Proteomics is the large scale study of all proteins in a cell, tissue or organism, including their structures, functions and interactions. Compared to genomics, which looks at relatively stable DNA, proteomics targets a dynamic and context dependent layer of biology. Protein levels and modifications change with cell type, development, environment and disease, so proteomic data can capture the current state of a biological system.

Modern proteomics relies heavily on high resolution mass spectrometry. In a typical workflow, proteins are extracted from a sample, enzymatically digested into peptides, separated by liquid chromatography and then analyzed in a mass spectrometer. The instrument measures peptide masses and fragmentation patterns, which are matched to protein sequences using computational search engines. Quantitative approaches such as label free quantification or stable isotope labeling enable comparison of protein abundances across samples.

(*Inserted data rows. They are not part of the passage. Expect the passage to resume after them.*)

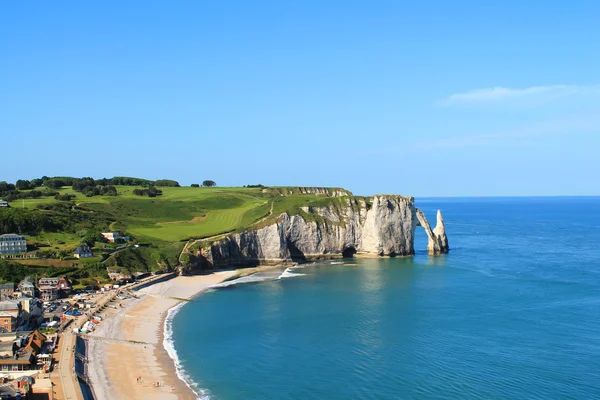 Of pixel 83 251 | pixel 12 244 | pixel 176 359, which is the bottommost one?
pixel 176 359

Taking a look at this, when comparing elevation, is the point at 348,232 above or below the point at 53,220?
below

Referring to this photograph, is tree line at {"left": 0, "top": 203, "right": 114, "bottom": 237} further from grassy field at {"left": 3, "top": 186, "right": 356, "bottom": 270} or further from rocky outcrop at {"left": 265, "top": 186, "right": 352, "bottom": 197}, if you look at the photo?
rocky outcrop at {"left": 265, "top": 186, "right": 352, "bottom": 197}

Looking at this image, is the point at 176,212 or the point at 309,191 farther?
the point at 309,191

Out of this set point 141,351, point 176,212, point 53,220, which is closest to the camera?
point 141,351

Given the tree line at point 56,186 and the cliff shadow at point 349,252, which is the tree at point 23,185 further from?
the cliff shadow at point 349,252

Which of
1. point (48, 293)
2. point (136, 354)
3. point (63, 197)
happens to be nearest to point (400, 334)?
point (136, 354)

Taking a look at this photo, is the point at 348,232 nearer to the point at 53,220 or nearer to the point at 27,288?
the point at 53,220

Beyond simple identification and quantification, researchers study post translational modifications like phosphorylation, glycosylation and ubiquitination, which regulate signaling pathways and protein stability. Interaction proteomics maps protein complexes and networks, revealing how cellular functions emerge from coordinated protein activity.

Key applications include biomarker discovery for early disease detection, stratification of patients and monitoring of treatment response. In oncology, for example, proteomic signatures can distinguish tumor subtypes or predict drug sensitivity. In microbiology and ecology, proteomics helps characterize microbial communities and host pathogen interactions. In agriculture and food science, it is used to improve crop resilience, assess food quality and detect contaminants.

Ongoing advances in instrumentation, sample preparation and data analysis are improving sensitivity, coverage and throughput, bringing proteomics closer to routine clinical and industrial use.